Yep, twenty-four ounces of freshly brewed iced tea is the perfect tonic for the modern suburban commute.

ice bin But then something absolutely horrifying happened: I reached into the innocent, blue plastic ice bin in the freezer and found nothing but cold air and few lonely crystalline shards of ice crumbs.  Their smallness and sparseness mocked me and my thirst.  Not yet deterred, though, I confidently grabbed for the ice trays.  And frowned in horror when they came away much too easily in my hand.

You know how that looks, right?  When you grab something you expect to be much heavier than it is—because let’s face it, frozen water is much heavier than air—and you end up flying backwards like the tug-o-war team whose opposition just gave up.  I’m pretty sure I looked like Elmer Fudd holding an Acme product for a few seconds.

ice trays

Oh, yeah, so what I’m getting at is that the damned ice trays were completely and totally empty.  Bare.  Bone dry.  Void.  Vacant as a Kardashian stare.  AS EMPTY AND UNFULFILLED AS MY HOPES AND DREAMS.

I’m not sure exactly what happened after that.  I have vague, patchy memories of a frothing, spittle-flinging, rage-fueled string of curses that may or may not have included a condemnation of both the U.N. and KFC as well as some sort of revelatory prophecy muttered in Sanskrit.  What I do know is that when I came back to my senses, I still had nothing but a pair of empty ice trays, a recyclable plastic tumbler of warming tea, and a partially withered soul.

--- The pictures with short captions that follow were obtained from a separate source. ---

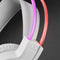 Mars Gaming MHRGBW - Headset - Draad - Stereo - Wit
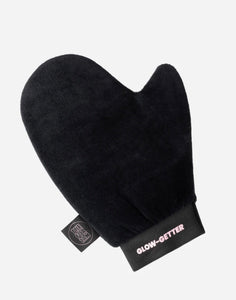 Fox Tan Velvet Applicator Mitt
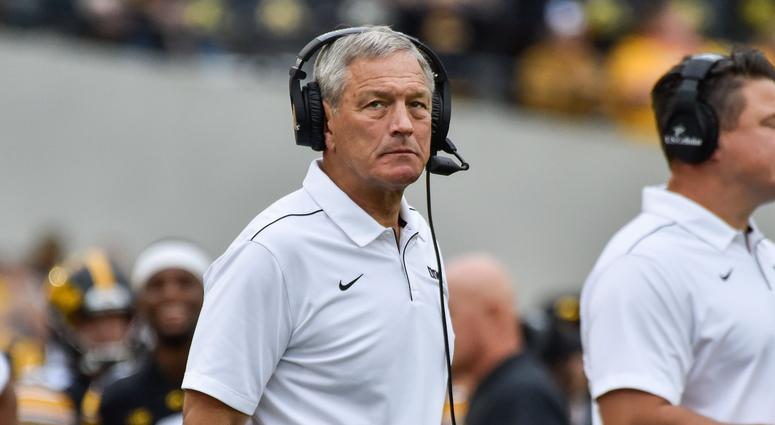 Kirk Ferentz Iowa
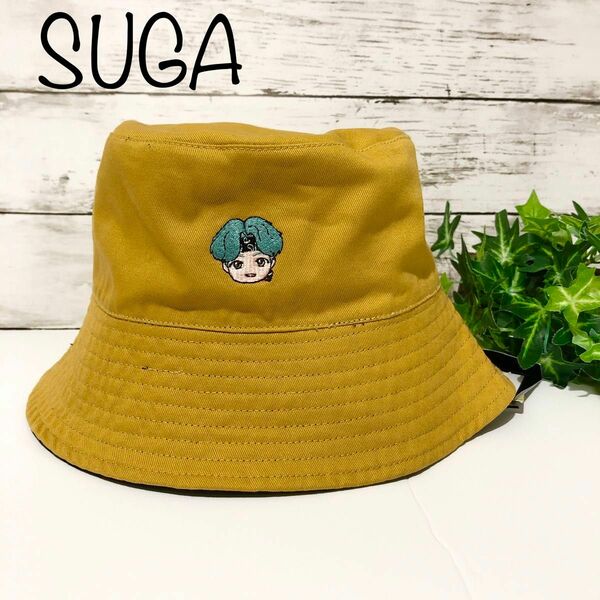 TinyTAN SUGA バケットハット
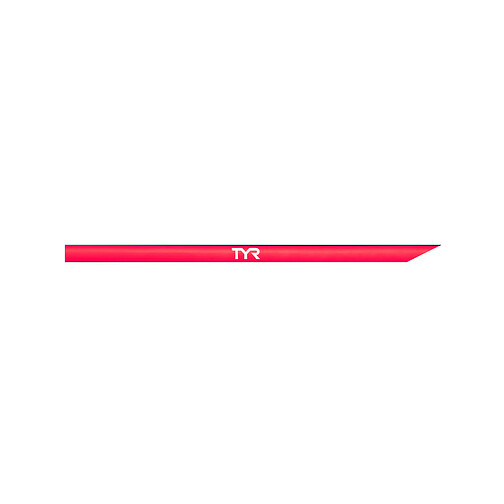 TYR Резинка для лопаток Silicone Replacement Straps Red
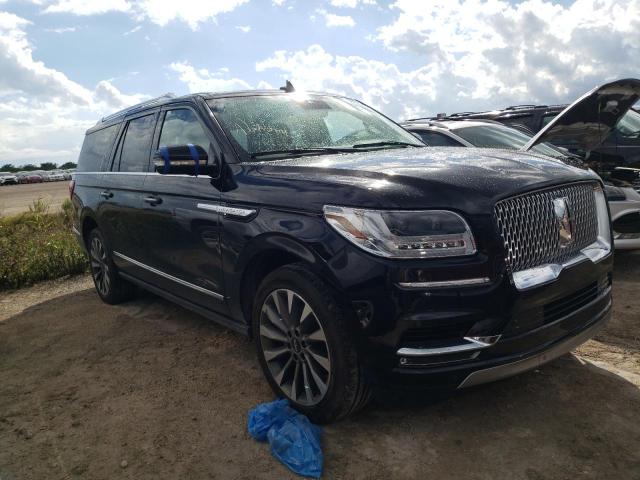 2021 LINCOLN NAVIGATOR L RESERVE VIN: 5LMJJ3LT9MEL09105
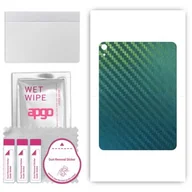 Akcesoria do tabletów i e-booków - Folia naklejka skórka strukturalna na TYŁ do Apple iPad mini Wi-Fi + Cellular - Carbon Kameleon CAKA1 - apgo SKINS - miniaturka - grafika 1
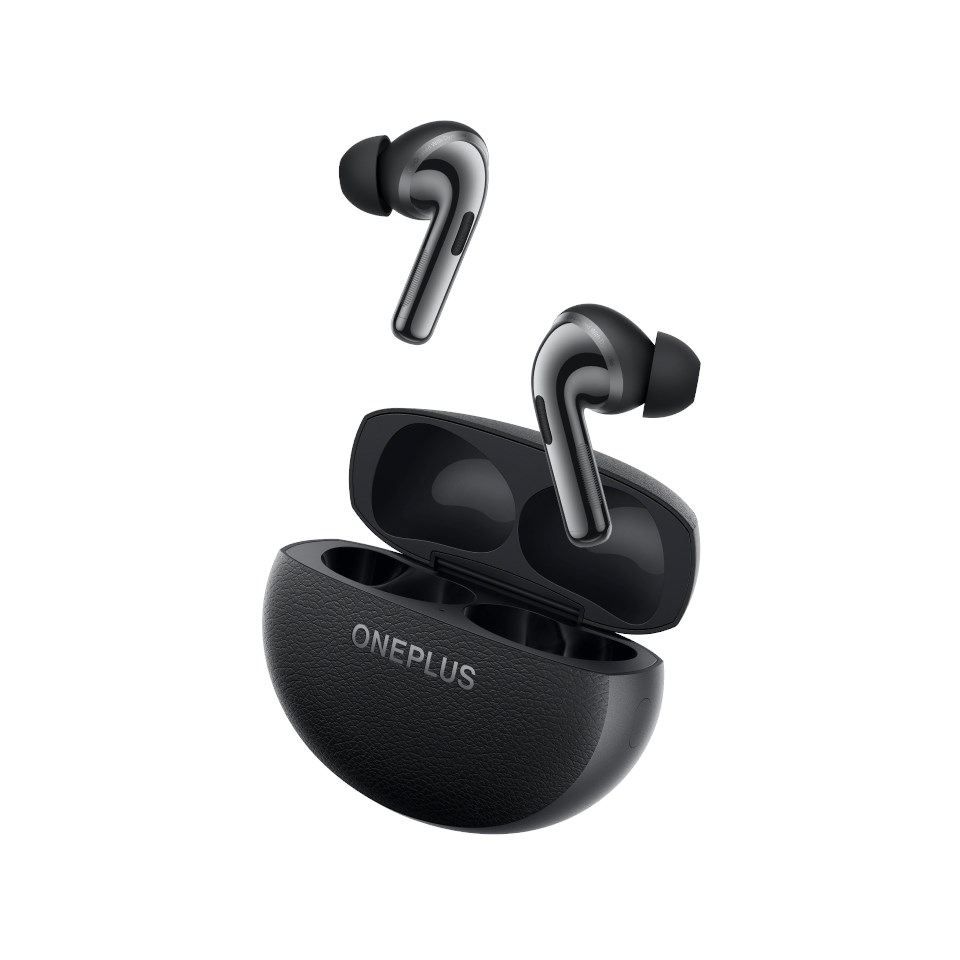 Безжични слушалки OnePlus Buds Pro 3, ANC, Midnight Opus
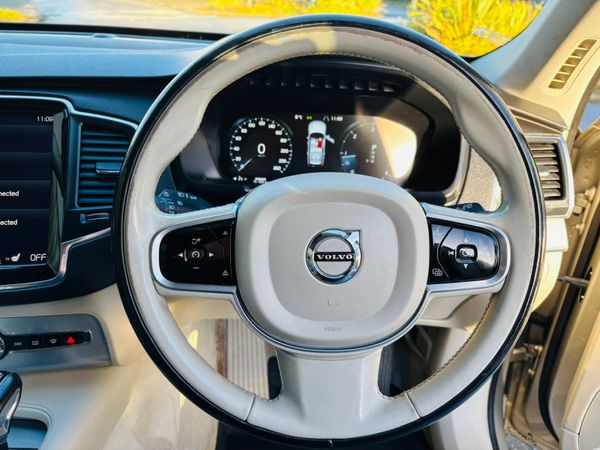 2015 152 VOLVO XC90 2.0 D5 AUTO 7 SEATS 374763574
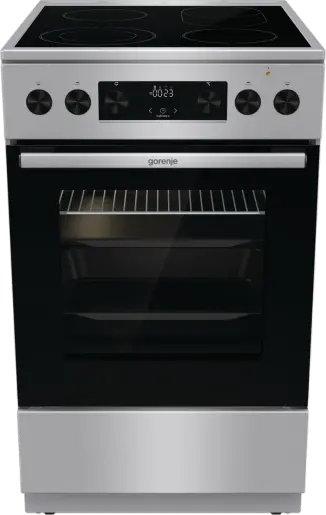 Elektrický sporák Gorenje GECS5C70XPA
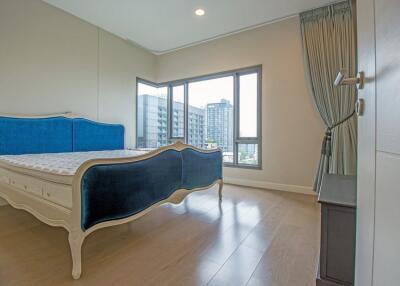 1 Bedroom For Rent And Sale in The Crest Sukhumvit 34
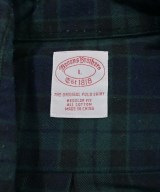 Brooks Brothers（ブルックスブラザーズ）カジュアルシャツ 緑 サイズ:L メンズ/2200627918254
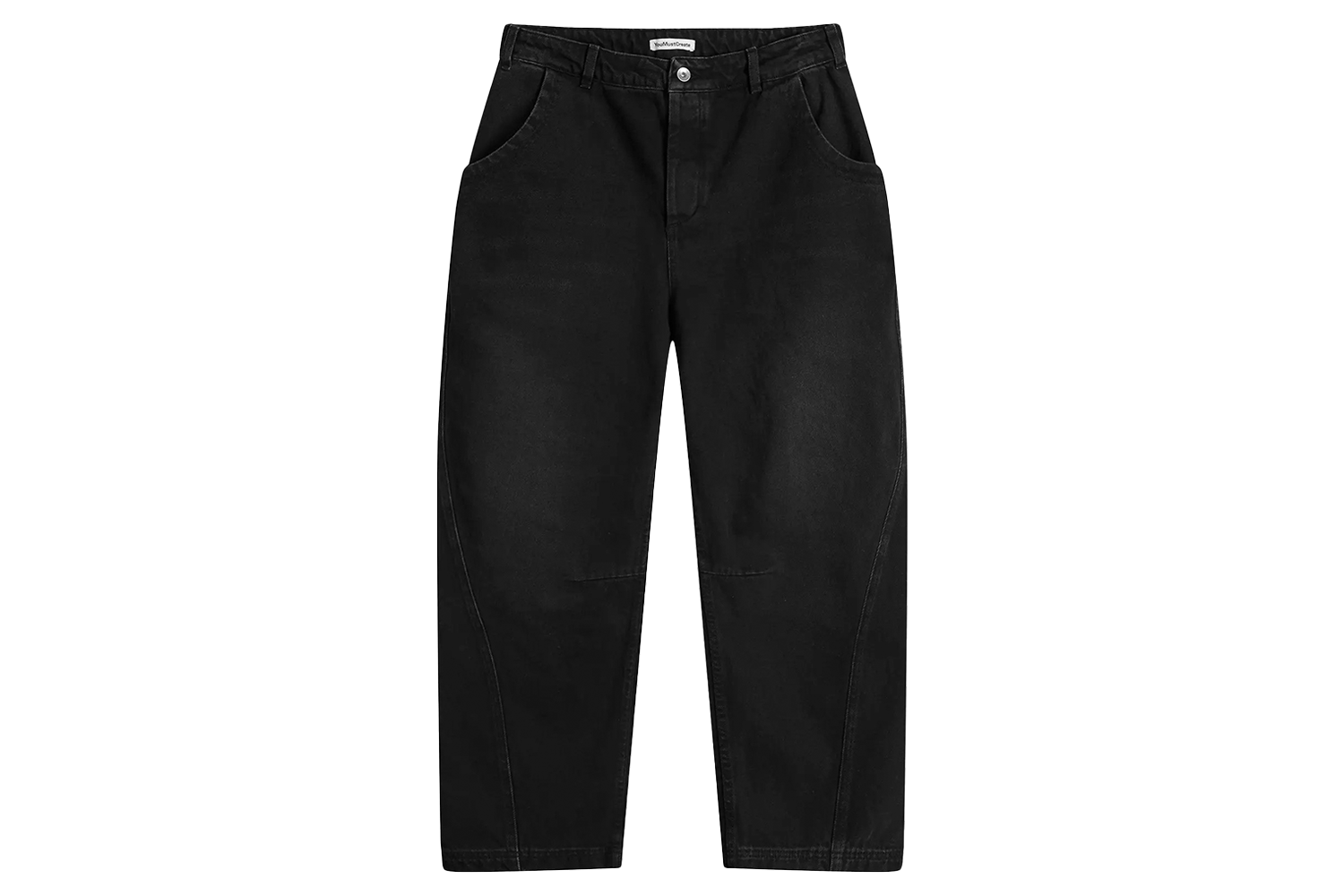 YMC Twisted Jeans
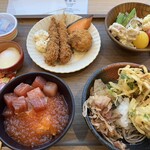 羽二重茶寮 - 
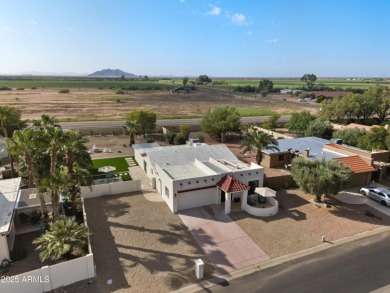 Welcome to your dream home in the highly sought-after Cottonwood on Cottonwood Country Club in Arizona - for sale on GolfHomes.com, golf home, golf lot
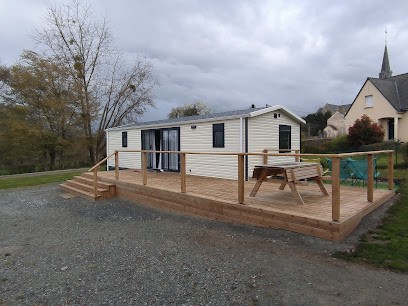 MOBIL HOME TOUT CONFORT, Location de Vacances à Javron-les-Chapelles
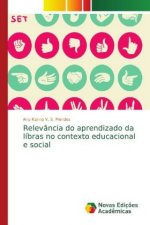 Relevancia do aprendizado da libras no contexto educacional e social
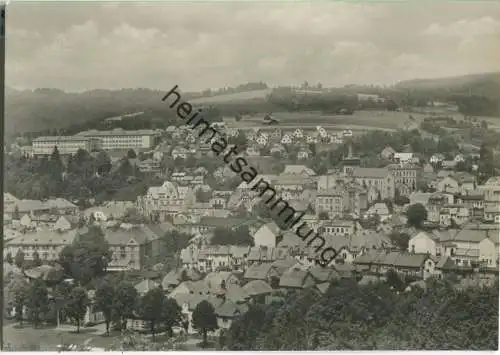 Semily - Foto-AK Grossformat - Verlag Nakladatelstvi Orbis Praha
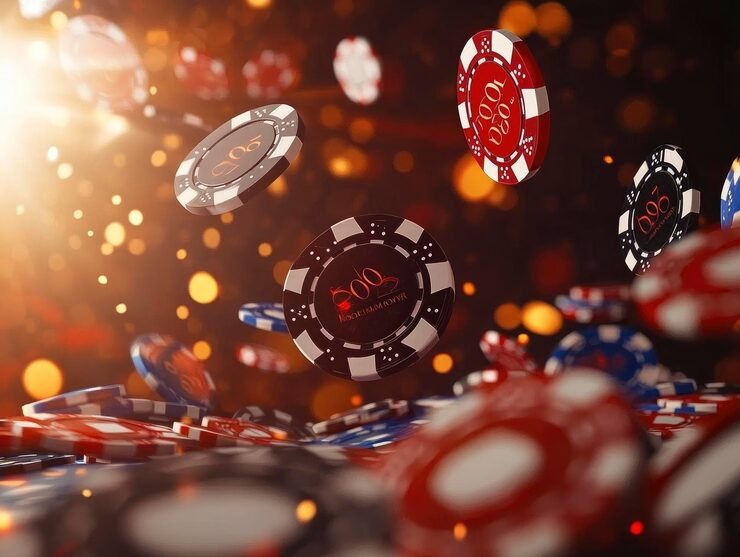nami55 Asia Gaming live baccarat table on mobile phone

See, this system should be pretty effin’ simple: use the ice that’s in the bin until it’s gone, then crack the cubes in trays into the bin and refill them.  Yes, I’m sorry, it might 90 seconds of your precious time.  But just like that you have a simple, renewable cycle of ice guaranteed to fulfill everyone’s frozen water needs at almost any moment.  Well, except for that one time at the office holiday party, but I don’t think we need to relive that just now.

At any rate, in a slap to the collective face of all modern civilization, some selfish, unscrupulous person blew through the department yesterday, ignored the empty bin, and stole, YES, STOLE, every single last ice cube from our socialist ice commune.  Leaving me, at the end of a long day of work, empty-handed and parched.  With nothing but white-hot fury and lukewarm tea to slake my thirst on a trying drive home.

the_result Luckily, I responded with the utmost maturity.

Oh, and anyone about to suggest I might have “issues” in that I require a beverage in-hand every waking moment of the day can just Stop. Right. There.  Sure, my attachment to fluids is borderline intervention-worthy.  But hey, he/she who is without a Starbucks or high-fructose corn syrup addiction can cast the first stone towards my glass houses.  Or something.  Whatever, that’s so NOT the issue.  The underlying thing here, which admittedly might seem the very definition of a First World Problem, is not about the ice or the drink.  It’s about displaying some simple damned common courtesy.  It’s about not taking and keeping all to yourself shit that other people use, like a kindergartener hording the crayons at the art table.

Just ice, you say? Get over it?  Hell no, it’s not just ice.  This, this is about humanity.

Either that, or someone forgot his meds this morning.